If you need a friend, don't look to a stranger,
You know in the end, I'll always be there.
But when you're in doubt, and when you're in danger,
Take a look all around, and I'll be there.

I'm sorry, but I'm just thinking of the right words to say.
I know they don't sound the way I planned them to be.
But if you'll wait around awhile, I'll make you fall for me,
I promise you, I promise you I will.

When your day is through, and so is your temper,
You know what to do, I'm gonna always be there.
Sometimes if I shout, it's not what's intended.
These words just come out, with no gripe to bear.

I'm sorry, but I'm just thinking of the right words to say.
I know they don't sound the way I planned them to be.
But if you'll wait around awhile, I'll make you fall for me,
I promise you, I promise you...

I'm sorry, but I'm just thinking of the right words to say.
I know they don't sound the way I planned them to be.
And if I had to walk the world, I'd make you fall for me,
I promise you, I promise you I will.

I gotta tell you, I gotta tell you, I need to tell you...

I'm sorry, but I'm just thinking of the right words to say.
I know they don't sound the way I planned them to be.
But if you'll wait around awhile, I'll make you fall for me,
I promise you, I promise you...

I'm sorry, but I'm just thinking of the right words to say.
I know they don't sound the way I planned them to be.
And if I had to walk the world, I'd make you fall for me,
I promise you, I promise you I will. I will. I will.

winter solstice

As you hear of me, so think of me.
I kiss your hand, and so I leave you. Farewell.."
Much Ado About Nothing, Benedick, Act IV, scene ii

Today is the winter solstice and it is going to snow starting at midnight. Could we ask for anything more? Ok, there is that Peace on Earth thing..

Not sure what to write today--I am feeling so disconnected from others. I've been thinking seriously about finding another job for many reasons.
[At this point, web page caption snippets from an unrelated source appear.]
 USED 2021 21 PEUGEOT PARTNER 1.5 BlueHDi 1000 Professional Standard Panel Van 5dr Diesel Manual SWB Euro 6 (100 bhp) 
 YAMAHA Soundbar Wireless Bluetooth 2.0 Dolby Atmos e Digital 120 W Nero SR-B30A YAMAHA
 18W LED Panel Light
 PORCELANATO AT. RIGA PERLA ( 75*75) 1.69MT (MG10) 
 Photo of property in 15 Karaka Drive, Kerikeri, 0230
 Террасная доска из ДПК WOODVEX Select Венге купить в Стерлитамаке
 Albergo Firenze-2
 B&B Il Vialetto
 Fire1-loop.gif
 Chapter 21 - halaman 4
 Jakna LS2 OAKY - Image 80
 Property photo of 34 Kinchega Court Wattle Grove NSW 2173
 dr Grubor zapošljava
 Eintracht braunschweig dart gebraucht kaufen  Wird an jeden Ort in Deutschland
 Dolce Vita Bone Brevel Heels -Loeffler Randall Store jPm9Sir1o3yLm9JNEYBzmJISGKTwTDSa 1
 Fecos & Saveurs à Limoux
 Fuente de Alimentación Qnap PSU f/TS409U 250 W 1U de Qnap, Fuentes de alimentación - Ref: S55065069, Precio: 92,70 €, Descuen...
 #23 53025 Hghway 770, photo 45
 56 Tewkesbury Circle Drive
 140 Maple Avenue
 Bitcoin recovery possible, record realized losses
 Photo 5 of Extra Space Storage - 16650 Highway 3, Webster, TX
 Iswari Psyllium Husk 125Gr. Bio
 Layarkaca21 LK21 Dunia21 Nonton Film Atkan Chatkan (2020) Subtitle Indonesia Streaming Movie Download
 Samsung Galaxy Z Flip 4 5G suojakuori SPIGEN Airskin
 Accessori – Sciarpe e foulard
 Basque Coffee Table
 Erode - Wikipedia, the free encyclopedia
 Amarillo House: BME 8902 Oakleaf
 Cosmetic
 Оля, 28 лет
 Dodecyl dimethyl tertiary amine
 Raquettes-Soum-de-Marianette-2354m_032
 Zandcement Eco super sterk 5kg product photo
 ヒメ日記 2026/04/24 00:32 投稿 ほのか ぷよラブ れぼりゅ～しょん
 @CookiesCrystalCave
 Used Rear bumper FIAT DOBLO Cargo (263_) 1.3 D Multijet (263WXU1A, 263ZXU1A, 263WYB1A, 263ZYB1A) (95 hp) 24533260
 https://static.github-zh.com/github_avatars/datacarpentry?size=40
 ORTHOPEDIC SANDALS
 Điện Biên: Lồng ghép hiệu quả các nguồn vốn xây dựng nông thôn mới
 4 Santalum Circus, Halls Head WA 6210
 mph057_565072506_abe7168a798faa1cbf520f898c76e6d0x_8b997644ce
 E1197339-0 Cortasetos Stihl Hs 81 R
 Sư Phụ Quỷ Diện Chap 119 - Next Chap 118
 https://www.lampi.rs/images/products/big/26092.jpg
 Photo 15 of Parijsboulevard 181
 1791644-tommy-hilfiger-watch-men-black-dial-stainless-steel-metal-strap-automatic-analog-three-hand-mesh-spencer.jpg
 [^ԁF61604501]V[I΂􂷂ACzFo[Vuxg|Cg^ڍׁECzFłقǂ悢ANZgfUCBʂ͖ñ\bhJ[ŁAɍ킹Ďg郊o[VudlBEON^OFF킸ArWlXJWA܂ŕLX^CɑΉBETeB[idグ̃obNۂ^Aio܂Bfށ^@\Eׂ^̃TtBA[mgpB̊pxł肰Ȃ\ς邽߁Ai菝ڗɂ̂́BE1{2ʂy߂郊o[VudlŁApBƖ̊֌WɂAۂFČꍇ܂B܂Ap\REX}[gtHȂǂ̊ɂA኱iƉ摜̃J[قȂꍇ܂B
I am to the point where I feel that I have to hide out, that having a voice and an opposing opinion, that going against the majority gets me put out like the cat. So, I rebel, trying to stand up for myself, and it just makes everything worse. Not to mention I have no one at work that I feel comfortable just being with noone I can be myself around--the rest ignore me and now they think I am a real freak.

When everything has been stripped from you, everything that matters, it makes you seriously do some reprioritizing. Take away my work, my purpose, friends,take away my family, take away my pride, even my sanity--what is there? The alienation I feel at work is just beyond uncomfortable; beyond bearable anymore. I am a fighter--but this one, this one, I just don't know if it's worth the fight.

So I am thinking of you all but I know you don't care, or don't want to know. I have a heart and a soul. I have feelings. I will always love you--unconditionally.


12/19/2004

Man of the Year..Again?

Not Again
Who is on the committee for selecting the (wo)Man of the year anyway?

Can't help but wonder about the progress of my show and all the events leading up to its hasty takeover. It hurts. I feel expendable and insignificant. And while I think this time has been helpful in some ways, it has been harmful in others.

I know it is out of my control. You can tell that to my head. I just wish someone could explain it to my heart.